My suggestion is to increase the update “interval” to a larger number. Reducing the update frequency reduces the chance you or an automation try to update a light while it’s updating through Adaptive Lighting. If you have multiple Adaptive Lighting configurations (see my note below), you can stagger all of your intervals to minimize the chance of multiple lights/light groups of updating at once. Technically staggering updates increases the odds that any one group is updating while you try to, say, manually turn everything off. But for me it’s more likely for a conflicting Adaptive Lighting update to be sent than a conflicting “All On/Off” command.

@Delorean14 How do you change the interval? When you add the Adaptive Lighting integration, the integration gets a card in the Integrations section. Hit Configure and a window pops up that lets you configure it.

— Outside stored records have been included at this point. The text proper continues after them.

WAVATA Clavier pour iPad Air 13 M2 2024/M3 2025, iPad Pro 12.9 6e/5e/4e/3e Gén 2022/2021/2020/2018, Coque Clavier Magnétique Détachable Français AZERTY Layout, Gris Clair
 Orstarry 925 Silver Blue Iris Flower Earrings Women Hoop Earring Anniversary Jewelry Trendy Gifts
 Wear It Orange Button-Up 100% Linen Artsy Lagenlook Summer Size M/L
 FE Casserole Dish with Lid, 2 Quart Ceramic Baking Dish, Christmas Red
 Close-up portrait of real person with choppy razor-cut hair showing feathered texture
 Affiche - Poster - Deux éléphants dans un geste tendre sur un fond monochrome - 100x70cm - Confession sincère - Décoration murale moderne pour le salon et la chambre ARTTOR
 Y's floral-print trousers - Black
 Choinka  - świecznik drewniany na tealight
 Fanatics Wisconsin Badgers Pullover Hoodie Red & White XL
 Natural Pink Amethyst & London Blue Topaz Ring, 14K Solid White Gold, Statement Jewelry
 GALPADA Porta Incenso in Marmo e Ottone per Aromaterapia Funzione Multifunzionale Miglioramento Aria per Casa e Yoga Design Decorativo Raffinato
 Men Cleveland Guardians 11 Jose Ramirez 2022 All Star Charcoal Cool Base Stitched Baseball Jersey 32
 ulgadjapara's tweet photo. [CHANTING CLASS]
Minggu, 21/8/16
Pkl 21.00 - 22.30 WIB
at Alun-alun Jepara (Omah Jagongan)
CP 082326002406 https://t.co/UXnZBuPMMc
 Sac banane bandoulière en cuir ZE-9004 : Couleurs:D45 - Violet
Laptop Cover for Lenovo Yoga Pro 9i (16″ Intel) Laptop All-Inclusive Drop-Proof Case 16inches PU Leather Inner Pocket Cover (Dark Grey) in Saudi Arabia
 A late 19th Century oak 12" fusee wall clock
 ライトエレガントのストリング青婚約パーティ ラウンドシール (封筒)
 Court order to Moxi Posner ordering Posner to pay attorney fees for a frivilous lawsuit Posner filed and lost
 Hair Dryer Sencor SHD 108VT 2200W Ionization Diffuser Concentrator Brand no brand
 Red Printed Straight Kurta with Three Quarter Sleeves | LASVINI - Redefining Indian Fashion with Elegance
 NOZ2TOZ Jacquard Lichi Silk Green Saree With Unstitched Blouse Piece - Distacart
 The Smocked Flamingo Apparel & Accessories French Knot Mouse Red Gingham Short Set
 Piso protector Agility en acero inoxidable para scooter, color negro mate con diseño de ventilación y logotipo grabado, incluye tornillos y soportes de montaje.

Note on groups: It helps when you group the lights in Zigbee so that updates are sent only once to multiple lights, instead of one command per light. You still have to have multiple Adaptive Lighting configurations for each group of bulbs that you want to control independently. If you only set up one Adaptive Lighting configuration for all lights in your house, any lights that are not on will be turned on when the update gets sent. I prefer to use motion sensors to turn off lights in unoccupied rooms and save power, but that means an Adaptive Lighting config for each room in the house.